Figure 1 – Regardless of their party identification, likely voters see experience, honesty, and guts as the key traits which separate the candidates.
These results make intuitive sense. Respondents of all political stripes distinguish Donald Trump (Rep) from the other candidates for having the guts to make tough calls, but equally note his lack of experience. Hillary Clinton’s (Dem) experience separates her positively from the pack, but she suffers on the honesty dimension. Ben Carson (Rep) is seen has being the most honest among all rated candidates, but lacking in experience and guts.
We then dug deeper, filtering the data by whether respondents identified as Democrats or Republicans. We found that, among likely Democratic voters, concern for regular people boils up in the place of honesty as a more relevant personality trait that differentiates the candidates. Note that this isn’t to say that honesty doesn’t matter; rather that likely Democrats see greater differences between candidates on this criterion. Respondents associate Bernie Sanders (Dem) with this trait far more than Hillary Clinton. Marco Rubio (Rep) eclipses Clinton on this dimension as well.
Figure 2 – Likely voters identifying as Democrats indicate find concern for regular people to be more distinguishing than honesty.

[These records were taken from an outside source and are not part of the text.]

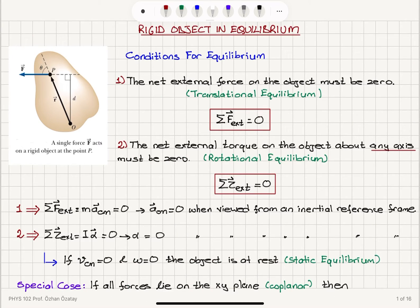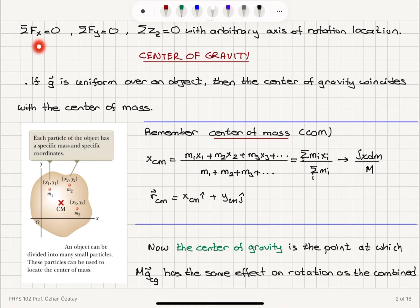In this lecture, we talked about equilibrium. When an object is in equilibrium, the net external force must be zero and the net external torque with respect to any axis of rotation must be zero — translational and rotational equilibrium. If, in addition, the velocity of the center of mass and angular speed are zero, the object is in static equilibrium. For coplanar forces on the x-y plane, these conditions imply x-components add up to zero, y-components add up to zero, and torque with respect to any z-axis location equals zero.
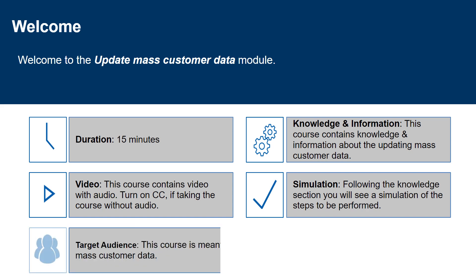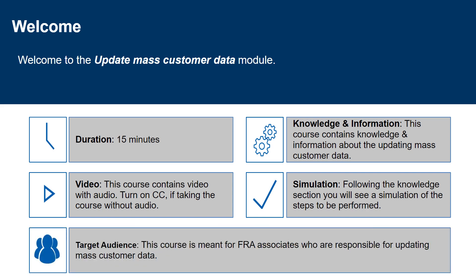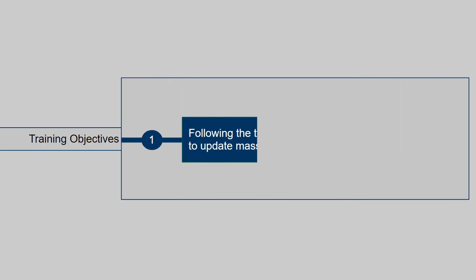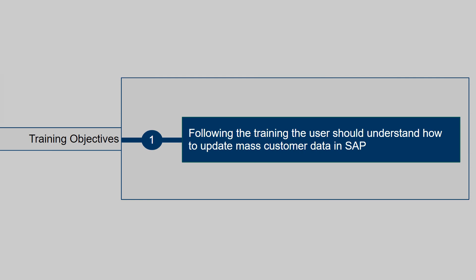This course is meant for FRA associates who are responsible for updating mass customer data. Objectives of this training is, following the training the user should understand how to update the mass customer data in SAP.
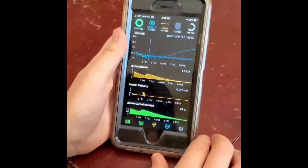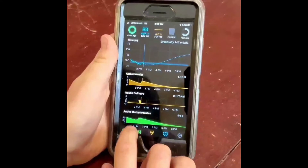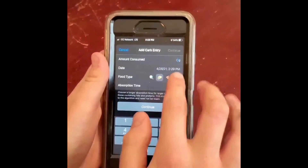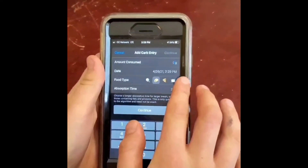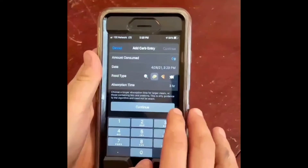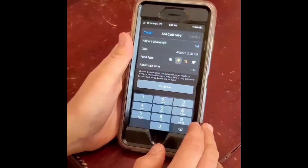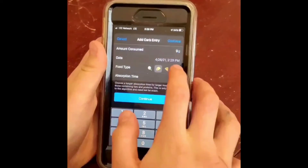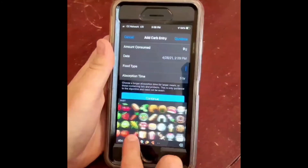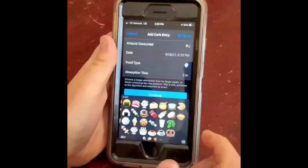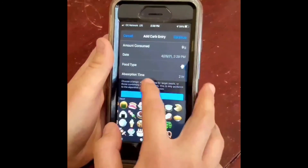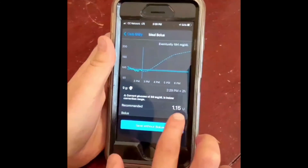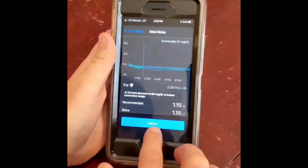Let's do a simple three-step meal entry. First, tap the meal icon on the left side of the toolbar to reveal the add carb entry screen. Add the amount consumed, tap the food type, and tap continue. Who doesn't love ice cream? Let's put in 9 grams. Tap the food type right there to reveal ice cream — it'll be a two-hour absorption time. Then hit continue, and now all you have to do is hit this and deliver.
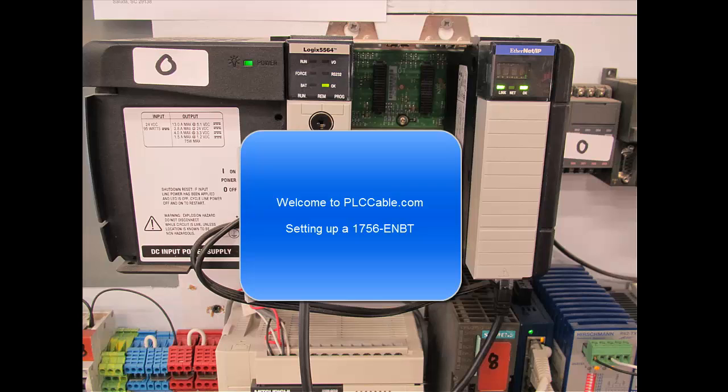Hello and welcome to PLCCable.com. In this tutorial we're going to be configuring a 1756-ENBT ControlLogix communication card.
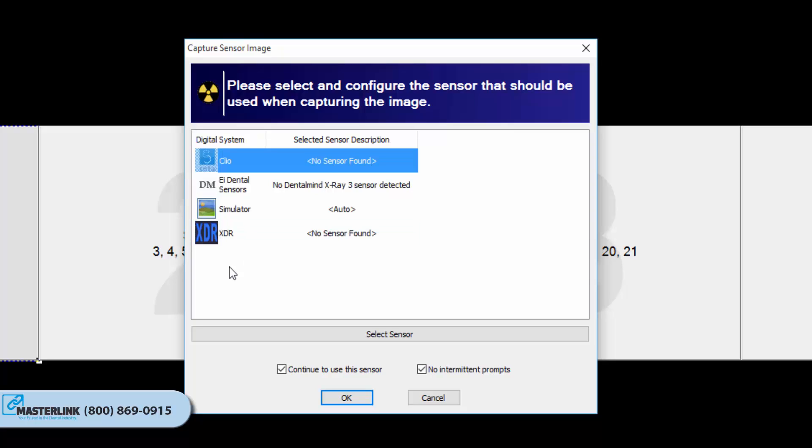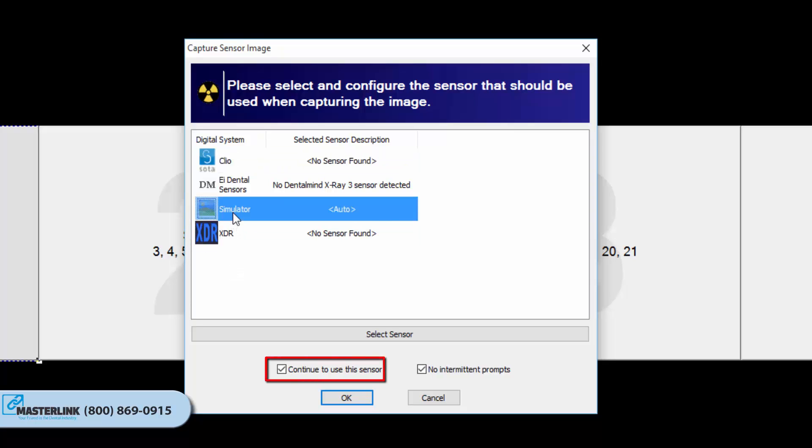The list of hardware choices will depend on the Capture Source on the layout tiles. Select Continue to use this sensor/source if all images in the layout will be captured using the same hardware source. If unchecked, the user will have to specify a hardware source between each Capture in the series.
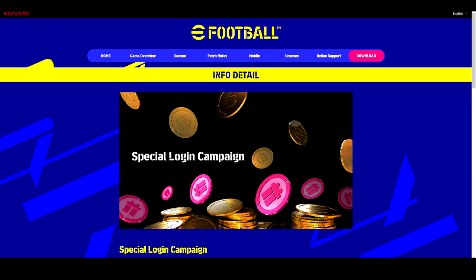What is going on everyone and welcome to your weekly eFootball 2022 news roundup. We're going to be going over all today's new content and keeping you guys up to date with everything coming over the next week or so. Starting us off, we have our special login campaign, new legends, and other bits and pieces.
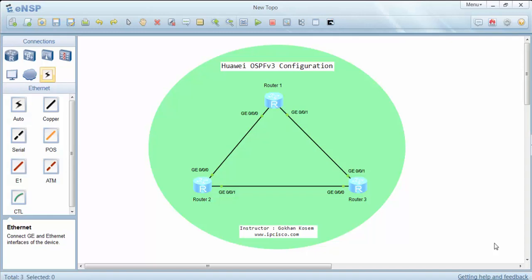Welcome to the Huawei OSPF version 3 configuration example. In this example, we'll configure OSPF version 3 on Huawei routers.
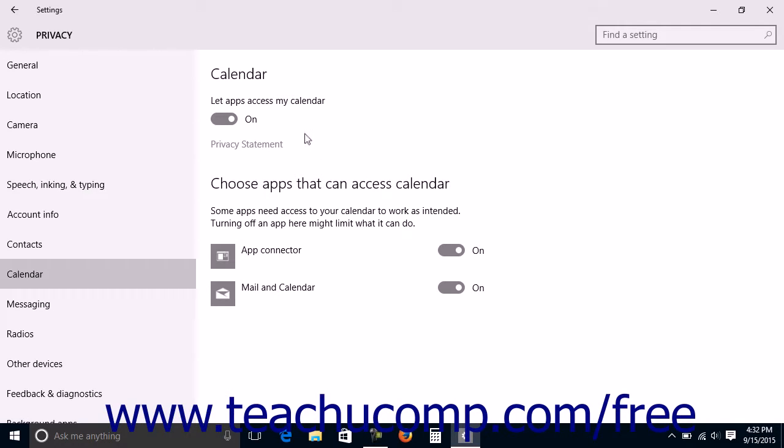Under the Calendar section, you can click the toggle switch to either on or off to enable or disable the Let Apps Access My Calendar setting.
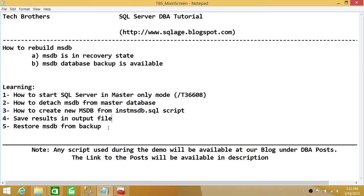If you don't have a backup of MSDB, all user objects such as jobs and maintenance plans will need to be recreated on the new MSDB. But if you do have a backup, that's great — just make sure the backup is recent. If it's not recent, from that backup onward you will lose any changes that were made in MSDB.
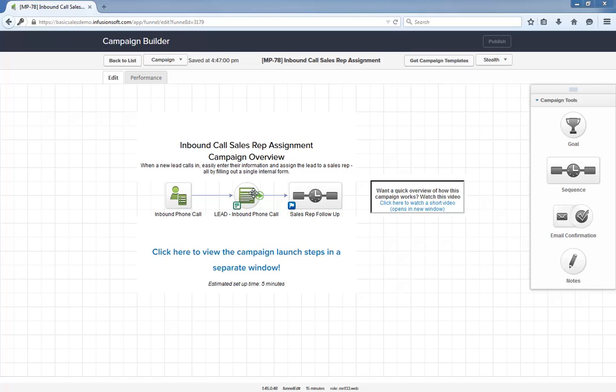Also, this campaign is 98% ready to go out of the box. After installing it, all you have to do is tell the campaign who is the backup sales rep in case someone accidentally doesn't get assigned, then publish the campaign. From there it's as simple as submitting this form the next time a new lead calls in.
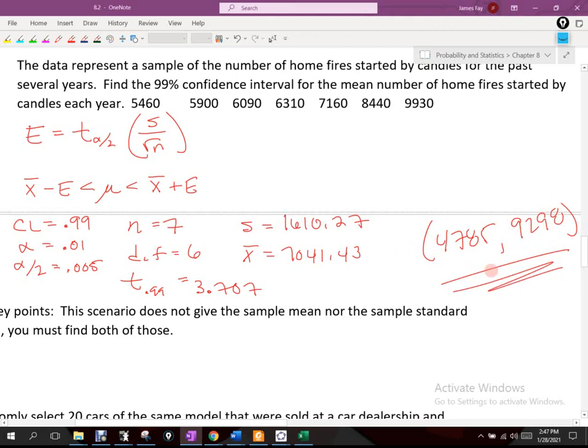So in interval notation, that is our confidence interval. This is saying: if the population were 100 years of data, I can now be 99% confident that when all 100 years of data are averaged together, that mean will fall between those two numbers — 4785 and 9298. There's a 1% chance they might not, but we can be pretty certain that they will.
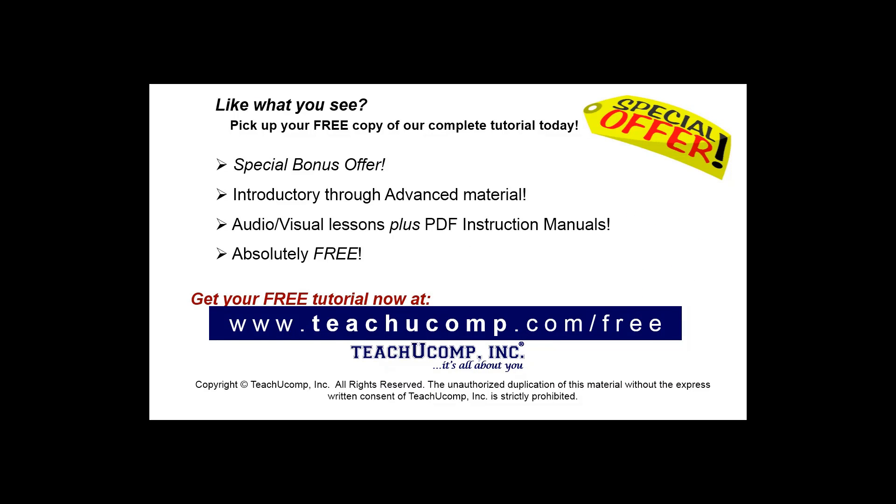Like what you see? Pick up your free copy of the complete tutorial at www.teachucomp.com/free.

Among likely Republican voters, personal likability replaces guts as a key personality trait separating the candidates. Here, Ben Carson and Marco Rubio distinguish themselves, with Trump far down the list. Even Bernie Sanders fares better than Trump on this dimension.
Figure 3 – Likely voters identifying as Republicans indicate find personal likability to be more distinguishing than guts.
We also conducted a head-to-head experiment showing pictures of two randomly selected candidates and asking respondents to choose their preferred candidate until a clear ranking emerged. The results here were most interesting for the Republican partisans as they show Trump, Carson, Cruz (Rep), and Rubio virtually neck and neck. This suggests to us that if one were to drop out, likely voters would have no trouble shifting their allegiance to another Republican candidate.
The survey otherwise reflects the deeply polarizing nature of each party’s frontrunner. Democrats rank Donald Trump dead last, while Republicans would prefer anyone to Hillary Clinton. Perhaps the most “ordinary” candidate is Marco Rubio, who is neither exceptionally strong nor weak on any of the key traits.
As the campaign unfolds through the primary season, we believe these personality factors will have a huge impact on the choices people make. The candidates’ brands and distinguishing traits, both good and bad, are already well established. Voters perceive them consistently regardless of their party preferences. What’s left to see is how voters evaluate the tradeoffs. There is no perfect candidate that stands head and shoulders above the rest on all attributes. Each has a flaw. Voters will have to weigh these and make tough choices when they head to the polls.
About the study
For this survey, we interviewed 1,000 respondents from our panel on November 18-19, 2015. The respondent sample was balanced to be representative of the U.S. population by age, gender, and race/ethnicity using interlocking quotas. The survey was conducted using AYTM’s proprietary platform that naturally formats surveys to be appropriate for any Internet-connected device with a focus on smartphones. We used Ipsos’s method to determine likely voters.